Set up baby gates and make a habit of going off into a different room and leaving your puppy on their own for a few minutes with something enjoyable to occupy them, like dinner or a treat.
Don’t Make Leaving a Big Deal
When it’s time to leave, walk away and return without any fuss. Make your coming and going a part of daily life from the start to allow your puppy to get used to it.
Do short, small tasks alone, like showering, using the restroom or putting clothes in the wash, to help them learn it’s okay to be alone—and that you’ll come back. If you give them a tasty dog treat they may even look forward to their alone time.
Slowly Increase Their Alone Time
Start with just 5 minutes apart, then increase to 10 minutes, 15 and 30—until they’re happy to stay on their own for an hour. Remember to take it slow. Leave them in a safe area where they feel comfortable with something to take their mind off your absence. Use toys you can fill with their favorite snacks or xylitol-free peanut butter to keep them occupied.
Teaching your puppy that being on their own is safe and part of being a family dog will pay off in the future—but remember: dogs need company and social interaction.
Helping Puppies with Separation Anxiety
If you already have a puppy with separation anxiety, there are a few things you can try to help them overcome the issue.
Rule Out Any Other Problems
First thing’s first—make sure your puppy’s not acting out due to another problem. They could be bored, or they may not be getting enough social interaction, physical activity or mental stimulation, which may make them act out.

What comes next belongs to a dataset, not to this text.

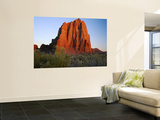 Temple of the Sun  Lower Cathedral Valley  Colorado Plateau  Capitol Reef National Park  Utah  USA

These problems are often lumped in with puppy separation anxiety but can be addressed with more exercise. Try puppy brain games like interactive toys and remember that training is another form of mental stimulation and combats boredom.
Alternatively, you can try leaving the radio on or putting them in one room where they’re comfortable and happy, preferably one with no outside stimuli that may cause them to bark.
Watching your puppy on a webcam can help you decide whether it’s boredom—in which case the behaviors will be done relatively calmly and often intermittently with sleep in between—or separation anxiety. If it’s the latter, it’s more likely to be constant and your puppy will display obvious signs of stress.
It’s important to note that sometimes puppies may start off bored then work themselves up and become stressed and anxious. If you’re unsure, find a professional behaviorist experienced in puppy anxiety and have them come do an assessment.
Tips for Mild Cases of Puppy Separation Anxiety
- Start right back at the beginning and teach them how to deal with time apart from you before leaving them again. They should not be left alone during this time, so you need either a pet sitter or a friend to help you. Doggie daycare could also be a good option.
- When you start leaving them again, build up to it over time and use a webcam to monitor how well your dog adapts to being alone.
- Leave them a safe, interactive toy and the radio or tv on.
- Make sure your dog is tired when you leave them—that way, they are more likely to sleep than if they were full of energy. A good walk or playtime can help.
- Don’t make a big deal of leaving or coming back, which makes your absence more of an ‘event’ for your dog.
- Try to vary your leaving routine, so your dog doesn’t get wound up expecting your imminent departure.
- If your puppy has a more serious separation-related problem, you should ask your veterinarian or contact a dog behaviorist to help you work out a puppy separation anxiety training program to try and overcome it.
Puppy separation anxiety is easier to prevent than to address months or even years later. Remember, dogs are social animals, so if they’re going to be frequently left alone, give them ample time to play with you.